UNITED STATES DISTRICT COURT WESTERN DISTRICT OF NEW YORK ___________________________________

BRANDY H.,

Plaintiff, DECISION AND ORDER v. 1:22-CV-00117 EAW COMMISSIONER OF SOCIAL SECURITY,

Defendant. ____________________________________

INTRODUCTION Represented by counsel, Plaintiff Brandy H. (“Plaintiff”) brings this action pursuant to Title XVI of the Social Security Act (the “Act”), seeking review of the final decision of the Commissioner of Social Security (the “Commissioner” or “Defendant”) denying her application for supplemental security income (“SSI”). (Dkt. 1). This Court has jurisdiction over the matter pursuant to 42 U.S.C. §1383(c)(3). Presently before the Court is the Commissioner’s motion to dismiss Plaintiff’s complaint as untimely filed pursuant to Fed.
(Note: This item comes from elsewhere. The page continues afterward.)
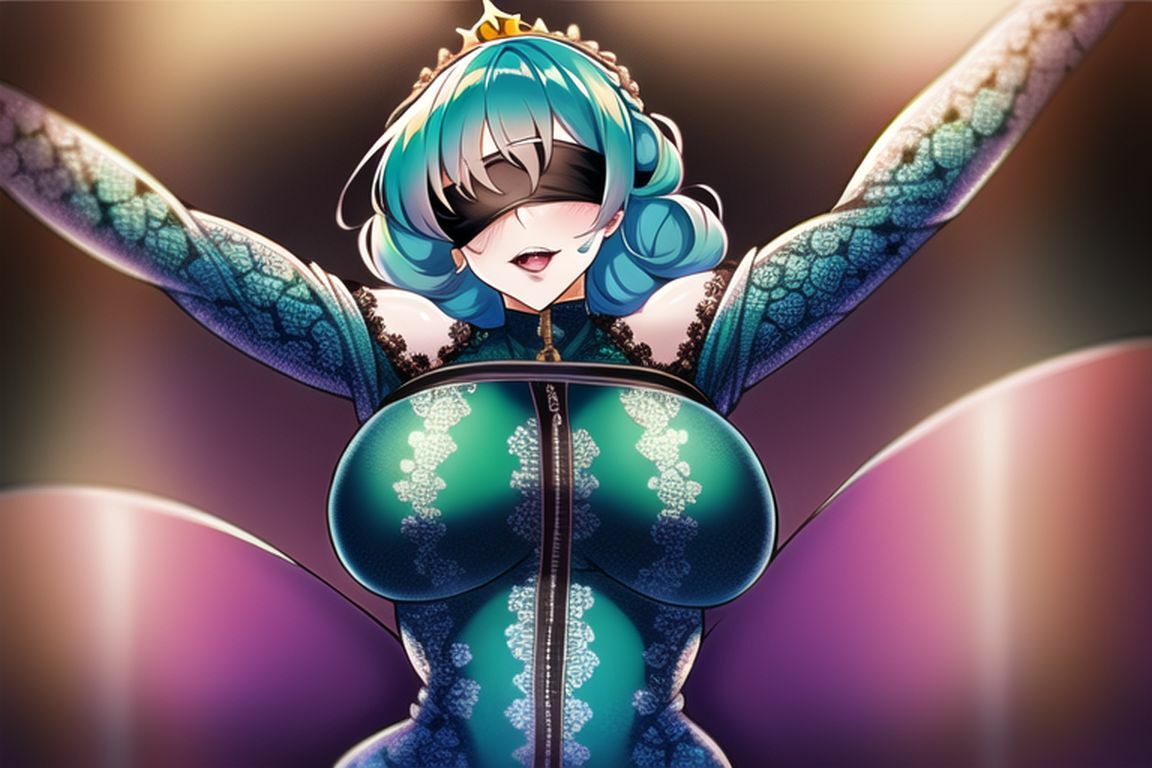 サンプル画像3:見られてなんぼの女たち(催●スマホの淫魔) [d_256098]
R. Civ. P. 12(b)(1) and 12(b)(6). (Dkt. 8). For the reasons discussed below, the Commissioner’s motion is converted to a motion for summary judgment pursuant to Fed. R. Civ. P. 12(d) and granted. BACKGROUND On November 7, 2012, Plaintiff applied for SSI, alleging disability beginning September 1, 2009. (Dkt. 1-1 at 6-8). The application was denied at the administrative level, which prompted Plaintiff to seek judicial review. On May 18, 2015, Plaintiff filed her original complaint, which was resolved on November 4, 2015, when, by stipulation of the parties, the matter was remanded to the Commissioner for further proceedings.1 (Dkt. 10 at 1-2; Dkt. 10-4 at 1-2). Once the matter was returned to the Commissioner, Plaintiff

appeared for another administrative hearing in front of a new administrative law judge (“ALJ”), who issued another unfavorable decision. (Dkt. 10 at 2). Plaintiff subsequently filed her second complaint seeking judicial review, which was resolved by Decision and Order issued on March 27, 2020, pursuant to which the matter was again remanded to the Commissioner.2 (Dkt. 10-5 at 3). On August 24, 2021, Plaintiff appeared before an ALJ at an administrative hearing.
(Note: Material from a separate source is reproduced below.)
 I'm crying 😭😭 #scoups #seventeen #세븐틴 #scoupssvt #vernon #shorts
(Dkt. 1-1 at 6). The ALJ denied Plaintiff’s claim for disability benefits on September 28, 2021. (Id. at 6-20). The notice of unfavorable decision was mailed to Plaintiff the same day with instructions that in the absence of Plaintiff’s written exceptions or the Appeals Council’s assumption of jurisdiction over the matter, the ALJ’s decision would become final on the 61st day following the date of the notice. (Id. at 3). The notice also advised

Plaintiff of her right to seek judicial review of the ALJ’s decision within 60 days of the date that the ALJ’s decision became final. 3 (Id.). The record before the Court does not demonstrate that Plaintiff submitted written exceptions to challenge the ALJ’s decision, or

1 Case No. 1:15-cv-00411-EAW.

2 Case No. 1:18-cv-00714-MWP.

3 While the parties agree on the filing deadline, they appear to disagree on the date that the ALJ’s decision became final. The Commissioner submits that the decision became final on Tuesday, November 30, 2021, while Plaintiff argues that it became final on Sunday, November 28, 2021. (Dkt. 8-1 at 4-5; Dkt. 10 at 3). that the Appeals Council assumed jurisdiction over the matter. The parties agree that Plaintiff’s deadline to commence the instant action was January 28, 2022. (Dkt. 8-1 at 5;

Dkt. 10 at 3). Plaintiff filed her complaint on February 8, 2022, without previously requesting an extension of time to file for judicial review. (Dkt. 1). On April 11, 2022, the Commissioner moved to dismiss the complaint under Fed. R. Civ. P. 12(b)(1) and 12(b)(6) for failure to commence the action within the 60-day limitation period. (Dkt. 8). Plaintiff opposed the Commissioner’s motion on the basis that her untimely filing of the complaint was justified based on equitable tolling. (Dkt. 10).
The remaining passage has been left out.